EXERCISE ->
After reading the entries below, copy word for word the lines from the first through the line containing "a person brushing a person's teeth", and stop there.

--- SOURCE DATA ---

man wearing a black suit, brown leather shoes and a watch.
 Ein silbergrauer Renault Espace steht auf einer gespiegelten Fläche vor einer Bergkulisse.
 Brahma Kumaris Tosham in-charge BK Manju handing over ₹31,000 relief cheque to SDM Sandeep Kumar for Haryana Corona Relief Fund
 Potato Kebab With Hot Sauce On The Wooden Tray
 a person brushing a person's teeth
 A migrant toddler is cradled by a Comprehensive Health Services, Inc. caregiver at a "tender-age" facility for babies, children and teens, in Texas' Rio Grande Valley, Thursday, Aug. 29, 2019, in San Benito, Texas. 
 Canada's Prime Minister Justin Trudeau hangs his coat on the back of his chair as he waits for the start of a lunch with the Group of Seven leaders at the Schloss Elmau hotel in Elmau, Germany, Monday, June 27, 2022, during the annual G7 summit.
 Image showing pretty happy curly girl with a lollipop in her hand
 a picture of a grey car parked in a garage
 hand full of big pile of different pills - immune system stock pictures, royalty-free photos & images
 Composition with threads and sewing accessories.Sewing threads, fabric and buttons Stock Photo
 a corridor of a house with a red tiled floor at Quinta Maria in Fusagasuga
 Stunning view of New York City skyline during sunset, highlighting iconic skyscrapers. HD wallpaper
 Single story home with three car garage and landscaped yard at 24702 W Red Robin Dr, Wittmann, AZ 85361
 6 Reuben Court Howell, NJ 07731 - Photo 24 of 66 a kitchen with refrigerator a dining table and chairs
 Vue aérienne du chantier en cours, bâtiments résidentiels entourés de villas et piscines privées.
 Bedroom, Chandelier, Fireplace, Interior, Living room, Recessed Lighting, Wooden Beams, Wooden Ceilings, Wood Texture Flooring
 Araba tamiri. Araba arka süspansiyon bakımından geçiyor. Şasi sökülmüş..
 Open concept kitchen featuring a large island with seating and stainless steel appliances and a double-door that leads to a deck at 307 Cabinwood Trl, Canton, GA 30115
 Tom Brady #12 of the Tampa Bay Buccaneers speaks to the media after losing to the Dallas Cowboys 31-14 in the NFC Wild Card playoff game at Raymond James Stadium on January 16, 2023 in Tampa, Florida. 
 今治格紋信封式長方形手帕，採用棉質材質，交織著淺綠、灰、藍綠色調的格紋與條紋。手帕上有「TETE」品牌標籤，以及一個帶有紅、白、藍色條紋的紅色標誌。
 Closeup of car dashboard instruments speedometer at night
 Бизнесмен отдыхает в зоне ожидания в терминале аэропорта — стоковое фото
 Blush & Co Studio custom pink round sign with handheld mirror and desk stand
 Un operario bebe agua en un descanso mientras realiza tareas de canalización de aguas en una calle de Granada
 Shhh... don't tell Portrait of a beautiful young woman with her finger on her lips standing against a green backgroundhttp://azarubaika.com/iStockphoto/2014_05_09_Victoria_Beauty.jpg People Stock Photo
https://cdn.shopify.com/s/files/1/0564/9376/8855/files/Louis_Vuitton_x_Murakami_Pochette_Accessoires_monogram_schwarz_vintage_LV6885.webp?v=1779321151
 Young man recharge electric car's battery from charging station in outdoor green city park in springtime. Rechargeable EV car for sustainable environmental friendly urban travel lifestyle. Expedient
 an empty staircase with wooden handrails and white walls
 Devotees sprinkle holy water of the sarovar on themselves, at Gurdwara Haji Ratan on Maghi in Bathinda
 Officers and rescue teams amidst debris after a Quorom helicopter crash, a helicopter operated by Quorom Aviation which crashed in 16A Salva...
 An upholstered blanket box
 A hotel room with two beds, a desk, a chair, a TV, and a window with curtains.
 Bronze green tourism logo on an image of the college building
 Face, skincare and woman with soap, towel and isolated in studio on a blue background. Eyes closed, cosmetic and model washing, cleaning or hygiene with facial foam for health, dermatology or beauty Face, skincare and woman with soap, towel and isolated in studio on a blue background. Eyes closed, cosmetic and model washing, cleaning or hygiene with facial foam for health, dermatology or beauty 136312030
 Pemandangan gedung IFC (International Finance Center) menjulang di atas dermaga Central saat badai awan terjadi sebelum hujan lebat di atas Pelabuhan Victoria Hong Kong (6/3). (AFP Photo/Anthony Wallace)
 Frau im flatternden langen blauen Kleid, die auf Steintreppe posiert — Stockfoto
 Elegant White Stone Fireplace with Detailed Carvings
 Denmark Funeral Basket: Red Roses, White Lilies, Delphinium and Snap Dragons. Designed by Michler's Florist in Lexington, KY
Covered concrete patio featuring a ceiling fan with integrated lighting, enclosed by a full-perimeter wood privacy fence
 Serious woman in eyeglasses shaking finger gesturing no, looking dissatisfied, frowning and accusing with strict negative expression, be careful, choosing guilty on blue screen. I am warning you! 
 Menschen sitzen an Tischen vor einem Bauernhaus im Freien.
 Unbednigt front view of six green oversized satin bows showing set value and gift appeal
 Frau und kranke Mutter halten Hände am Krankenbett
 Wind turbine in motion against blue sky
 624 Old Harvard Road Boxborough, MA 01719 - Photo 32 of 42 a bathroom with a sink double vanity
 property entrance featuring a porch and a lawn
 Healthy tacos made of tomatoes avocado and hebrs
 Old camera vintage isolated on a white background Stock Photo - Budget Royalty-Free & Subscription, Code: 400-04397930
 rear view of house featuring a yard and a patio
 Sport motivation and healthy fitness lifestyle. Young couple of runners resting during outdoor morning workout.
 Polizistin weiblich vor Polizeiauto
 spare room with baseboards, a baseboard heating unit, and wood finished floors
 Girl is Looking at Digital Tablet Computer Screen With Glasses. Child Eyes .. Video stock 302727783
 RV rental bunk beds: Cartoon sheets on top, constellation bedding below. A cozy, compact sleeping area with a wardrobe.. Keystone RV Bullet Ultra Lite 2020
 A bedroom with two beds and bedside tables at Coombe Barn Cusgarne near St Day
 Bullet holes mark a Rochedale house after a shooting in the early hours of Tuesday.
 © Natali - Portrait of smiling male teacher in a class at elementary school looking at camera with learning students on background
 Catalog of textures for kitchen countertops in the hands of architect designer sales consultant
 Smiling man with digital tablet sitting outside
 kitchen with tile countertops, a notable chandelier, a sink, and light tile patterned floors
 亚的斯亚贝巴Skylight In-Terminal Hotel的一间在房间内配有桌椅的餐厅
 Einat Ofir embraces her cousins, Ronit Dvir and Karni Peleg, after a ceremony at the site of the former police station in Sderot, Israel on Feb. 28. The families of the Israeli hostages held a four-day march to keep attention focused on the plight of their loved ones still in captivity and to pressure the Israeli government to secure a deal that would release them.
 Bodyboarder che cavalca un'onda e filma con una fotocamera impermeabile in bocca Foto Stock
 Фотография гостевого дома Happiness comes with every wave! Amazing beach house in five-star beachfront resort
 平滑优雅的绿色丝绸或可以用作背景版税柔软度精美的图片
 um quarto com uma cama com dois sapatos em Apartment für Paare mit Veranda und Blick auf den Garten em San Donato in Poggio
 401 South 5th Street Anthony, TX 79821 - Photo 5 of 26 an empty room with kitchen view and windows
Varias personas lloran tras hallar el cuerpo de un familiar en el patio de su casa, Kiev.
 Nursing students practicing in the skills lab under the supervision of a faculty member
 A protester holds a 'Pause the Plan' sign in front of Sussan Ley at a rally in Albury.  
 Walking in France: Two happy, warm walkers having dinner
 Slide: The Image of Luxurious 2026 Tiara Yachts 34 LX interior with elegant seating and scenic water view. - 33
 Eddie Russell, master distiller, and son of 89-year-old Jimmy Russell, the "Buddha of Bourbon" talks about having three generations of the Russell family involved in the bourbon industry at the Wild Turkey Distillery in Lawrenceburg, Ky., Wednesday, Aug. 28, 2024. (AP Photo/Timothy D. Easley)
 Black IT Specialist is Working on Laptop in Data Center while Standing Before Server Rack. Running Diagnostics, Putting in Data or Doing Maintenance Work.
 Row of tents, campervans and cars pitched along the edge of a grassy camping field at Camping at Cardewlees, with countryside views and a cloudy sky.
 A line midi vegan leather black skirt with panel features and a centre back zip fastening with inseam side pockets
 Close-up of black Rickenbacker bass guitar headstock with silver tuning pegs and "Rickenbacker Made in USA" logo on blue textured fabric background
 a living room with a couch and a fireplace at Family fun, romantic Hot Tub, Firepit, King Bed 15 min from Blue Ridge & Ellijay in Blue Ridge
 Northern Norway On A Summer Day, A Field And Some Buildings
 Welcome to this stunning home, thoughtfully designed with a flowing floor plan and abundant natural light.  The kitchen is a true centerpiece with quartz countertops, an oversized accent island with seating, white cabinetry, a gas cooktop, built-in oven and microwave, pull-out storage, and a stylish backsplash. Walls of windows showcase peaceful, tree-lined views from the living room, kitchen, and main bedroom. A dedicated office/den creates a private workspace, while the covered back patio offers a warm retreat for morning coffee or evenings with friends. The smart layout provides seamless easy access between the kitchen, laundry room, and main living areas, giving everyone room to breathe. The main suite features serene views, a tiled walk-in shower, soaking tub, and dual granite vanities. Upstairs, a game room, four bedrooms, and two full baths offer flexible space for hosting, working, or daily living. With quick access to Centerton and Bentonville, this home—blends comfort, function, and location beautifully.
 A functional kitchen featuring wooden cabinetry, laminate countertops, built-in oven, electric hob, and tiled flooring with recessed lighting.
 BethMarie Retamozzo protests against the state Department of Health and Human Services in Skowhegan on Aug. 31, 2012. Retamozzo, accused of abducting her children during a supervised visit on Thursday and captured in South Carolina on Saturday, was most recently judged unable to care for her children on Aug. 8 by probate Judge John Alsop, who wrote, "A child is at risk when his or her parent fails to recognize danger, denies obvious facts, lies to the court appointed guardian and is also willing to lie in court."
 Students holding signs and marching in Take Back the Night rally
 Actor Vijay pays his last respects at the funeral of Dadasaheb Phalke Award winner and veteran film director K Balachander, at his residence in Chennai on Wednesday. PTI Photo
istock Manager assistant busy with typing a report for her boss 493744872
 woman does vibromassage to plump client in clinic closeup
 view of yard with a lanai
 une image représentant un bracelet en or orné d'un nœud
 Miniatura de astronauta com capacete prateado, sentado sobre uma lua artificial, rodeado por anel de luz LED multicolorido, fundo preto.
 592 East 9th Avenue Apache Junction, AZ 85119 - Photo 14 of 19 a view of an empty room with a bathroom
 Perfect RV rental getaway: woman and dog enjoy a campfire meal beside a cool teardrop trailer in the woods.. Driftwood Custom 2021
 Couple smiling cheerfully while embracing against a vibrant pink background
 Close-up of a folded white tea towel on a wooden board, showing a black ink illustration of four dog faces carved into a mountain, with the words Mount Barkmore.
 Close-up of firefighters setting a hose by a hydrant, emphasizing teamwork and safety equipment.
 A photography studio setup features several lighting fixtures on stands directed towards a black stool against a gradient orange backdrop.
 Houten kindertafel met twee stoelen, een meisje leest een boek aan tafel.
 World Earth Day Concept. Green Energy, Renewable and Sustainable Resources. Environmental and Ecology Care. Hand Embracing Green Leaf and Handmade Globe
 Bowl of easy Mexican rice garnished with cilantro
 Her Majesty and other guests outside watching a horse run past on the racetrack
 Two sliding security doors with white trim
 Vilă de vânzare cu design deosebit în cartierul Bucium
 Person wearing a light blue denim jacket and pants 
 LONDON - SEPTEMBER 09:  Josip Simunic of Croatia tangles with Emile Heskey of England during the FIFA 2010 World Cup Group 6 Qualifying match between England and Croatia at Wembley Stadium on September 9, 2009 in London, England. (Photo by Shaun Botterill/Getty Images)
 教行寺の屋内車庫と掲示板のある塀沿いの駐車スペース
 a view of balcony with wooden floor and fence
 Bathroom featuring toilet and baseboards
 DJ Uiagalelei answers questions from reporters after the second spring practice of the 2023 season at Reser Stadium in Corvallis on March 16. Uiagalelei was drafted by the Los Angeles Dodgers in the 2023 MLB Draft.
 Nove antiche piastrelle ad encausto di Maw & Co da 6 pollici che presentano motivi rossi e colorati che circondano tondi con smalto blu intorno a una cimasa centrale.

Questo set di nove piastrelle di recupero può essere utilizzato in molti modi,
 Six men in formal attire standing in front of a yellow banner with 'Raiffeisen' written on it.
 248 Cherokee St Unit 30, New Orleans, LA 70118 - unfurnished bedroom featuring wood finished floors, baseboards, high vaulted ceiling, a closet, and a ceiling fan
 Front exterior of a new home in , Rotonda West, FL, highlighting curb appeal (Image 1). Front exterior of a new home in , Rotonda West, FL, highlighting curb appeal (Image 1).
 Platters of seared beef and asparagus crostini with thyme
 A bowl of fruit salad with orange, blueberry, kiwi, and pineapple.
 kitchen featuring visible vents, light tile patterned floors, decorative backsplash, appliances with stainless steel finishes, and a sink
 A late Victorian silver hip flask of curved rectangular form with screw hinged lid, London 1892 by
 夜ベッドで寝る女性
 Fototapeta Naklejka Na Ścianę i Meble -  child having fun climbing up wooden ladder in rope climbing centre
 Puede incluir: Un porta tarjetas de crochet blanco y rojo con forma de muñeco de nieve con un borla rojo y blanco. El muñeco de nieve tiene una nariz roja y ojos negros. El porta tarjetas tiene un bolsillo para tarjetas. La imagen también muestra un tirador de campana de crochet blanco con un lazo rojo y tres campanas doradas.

---

TASK ANSWER ->
man wearing a black suit, brown leather shoes and a watch.
 Ein silbergrauer Renault Espace steht auf einer gespiegelten Fläche vor einer Bergkulisse.
 Brahma Kumaris Tosham in-charge BK Manju handing over ₹31,000 relief cheque to SDM Sandeep Kumar for Haryana Corona Relief Fund
 Potato Kebab With Hot Sauce On The Wooden Tray
 a person brushing a person's teeth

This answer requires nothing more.